BEGIN Dataset excerpts

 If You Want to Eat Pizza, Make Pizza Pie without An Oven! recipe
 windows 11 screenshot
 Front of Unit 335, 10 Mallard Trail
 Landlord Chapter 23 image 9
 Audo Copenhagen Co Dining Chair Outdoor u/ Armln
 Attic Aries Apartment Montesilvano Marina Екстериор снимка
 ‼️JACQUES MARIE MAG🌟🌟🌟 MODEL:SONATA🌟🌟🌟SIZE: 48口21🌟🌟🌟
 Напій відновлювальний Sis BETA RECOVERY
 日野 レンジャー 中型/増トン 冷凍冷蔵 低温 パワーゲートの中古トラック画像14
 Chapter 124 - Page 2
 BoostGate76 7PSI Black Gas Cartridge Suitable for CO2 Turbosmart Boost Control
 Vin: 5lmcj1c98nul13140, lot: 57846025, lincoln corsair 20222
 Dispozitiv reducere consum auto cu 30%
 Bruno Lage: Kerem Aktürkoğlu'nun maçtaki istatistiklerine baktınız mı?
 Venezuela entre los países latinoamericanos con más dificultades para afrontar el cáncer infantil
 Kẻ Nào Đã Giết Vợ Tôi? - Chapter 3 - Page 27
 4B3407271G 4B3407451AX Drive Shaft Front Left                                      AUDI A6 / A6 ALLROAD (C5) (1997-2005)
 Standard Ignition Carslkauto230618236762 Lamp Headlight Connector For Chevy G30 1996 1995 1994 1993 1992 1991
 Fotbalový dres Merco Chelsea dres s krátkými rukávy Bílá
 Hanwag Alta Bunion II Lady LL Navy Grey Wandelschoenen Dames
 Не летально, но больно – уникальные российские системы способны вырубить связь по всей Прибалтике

END Dataset excerpts

Reprint the complete listing exactly.

## [Answer space]
 If You Want to Eat Pizza, Make Pizza Pie without An Oven! recipe
 windows 11 screenshot
 Front of Unit 335, 10 Mallard Trail
 Landlord Chapter 23 image 9
 Audo Copenhagen Co Dining Chair Outdoor u/ Armln
 Attic Aries Apartment Montesilvano Marina Екстериор снимка
 ‼️JACQUES MARIE MAG🌟🌟🌟 MODEL:SONATA🌟🌟🌟SIZE: 48口21🌟🌟🌟
 Напій відновлювальний Sis BETA RECOVERY
 日野 レンジャー 中型/増トン 冷凍冷蔵 低温 パワーゲートの中古トラック画像14
 Chapter 124 - Page 2
 BoostGate76 7PSI Black Gas Cartridge Suitable for CO2 Turbosmart Boost Control
 Vin: 5lmcj1c98nul13140, lot: 57846025, lincoln corsair 20222
 Dispozitiv reducere consum auto cu 30%
 Bruno Lage: Kerem Aktürkoğlu'nun maçtaki istatistiklerine baktınız mı?
 Venezuela entre los países latinoamericanos con más dificultades para afrontar el cáncer infantil
 Kẻ Nào Đã Giết Vợ Tôi? - Chapter 3 - Page 27
 4B3407271G 4B3407451AX Drive Shaft Front Left                                      AUDI A6 / A6 ALLROAD (C5) (1997-2005)
 Standard Ignition Carslkauto230618236762 Lamp Headlight Connector For Chevy G30 1996 1995 1994 1993 1992 1991
 Fotbalový dres Merco Chelsea dres s krátkými rukávy Bílá
 Hanwag Alta Bunion II Lady LL Navy Grey Wandelschoenen Dames
 Не летально, но больно – уникальные российские системы способны вырубить связь по всей Прибалтике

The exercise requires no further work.